1.2. Perumusan Masalah Perumusan masalah dibuat untuk lebih mempermudah dan membuat lebih sistematis penulisan skripsi ini serta diperlukan sebagai suatu cara untuk mengambil keputusan dari akhir penulisan skripsi ini. Berdasarkan uraian latar belakang di atas, maka perumusan masalah yang akan dikaji dalam penelitian ini dapat dirumuskan sebagai berikut: 1. Bagaimana peranan ekonomi kreatif pada pendapatan dan penyerapan tenaga kerja di Kabupaten Deli Serdang? 2. Bagaimana strategi untuk mengembangkan ekonomi kreatif di Kabupaten Deli Serdang? 1.3. Tujuan Penelitian Sesuai dengan pokok permasalahan yang telah dikemukakan di atas maka tujuan penelitian ini adalah: 1. Menganalisis peranan ekonomi kreatif di Kabupaten Deli Serdang. 2. Menganalisis strategi yang baik untuk mengembangkan ekonomi kreatif di Kabupaten Deli Serdang. 1.4. Manfaat Penelitian Adapun manfaat yang diharapkan dapat diperoleh dari penelitian ini adalah sebagai berikut: 1. Hasil penelitian ini diharapkan dapat dijadikan bahan pertimbangan dan masukan bagi pemerintah dalam mengambil kebijakan dalam mengembangkan usaha kreatif guna meningkatkan nilai ekonomi negara.

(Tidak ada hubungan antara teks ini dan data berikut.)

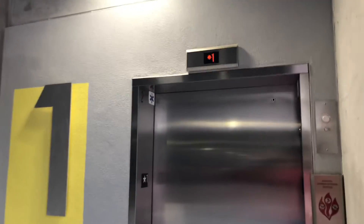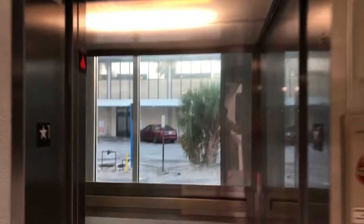All right, this is going to be the elevator at the St. Armand's Parking Garage in Sarasota, Florida. It's a KONE. Going out. It's glass.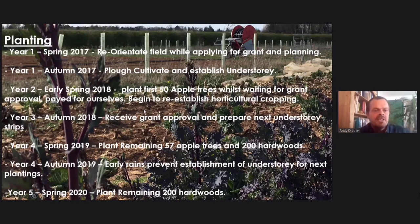The project timeline: Spring 2017 — reorientate the field while applying for the grant and doing further planning and research. Autumn 2017 — plough, cultivate and establish the understory. Early Spring 2018 — plant the first 50 apple trees while waiting for grant approval, paying ourselves to get going and start establishing our techniques. Autumn 2018 — received grant approval, prepare the next understory strips. Spring 2019 — plant the remaining apple trees and 200 hardwoods. Autumn 2019 — early rain prevented understory establishment for next plantings. Spring 2020 — plant the remaining hardwoods. That was the field all planted up.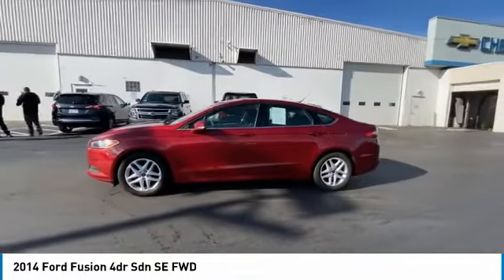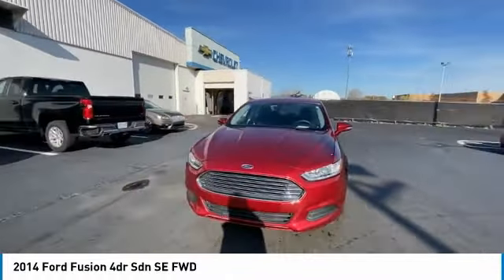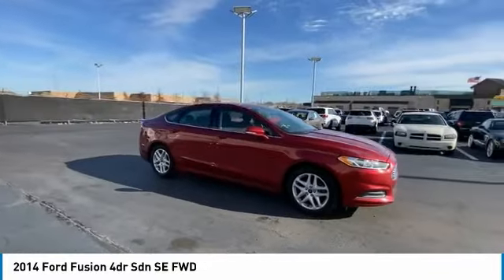Front performance tires, rear performance tires, driver illuminated vanity mirror. Drive away with a great deal on this vehicle. Call or stop in today.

2. Sebagai sumbangan pemikiran bahan studi atau tambahan ilmu pengetahuan khususnya bagi mahasiswa/i Departemen Ekonomi Pembangunan. 3. Sebagai penambah, pelengkap, sekaligus pembanding, hasil-hasil penelitian yang sudah ada menyangkut topik yang sama. 4. Sebagai tambahan wawasan ilmiah dan ilmu pengetahuan penulis dalam disiplin ilmu yang penulis tekuni.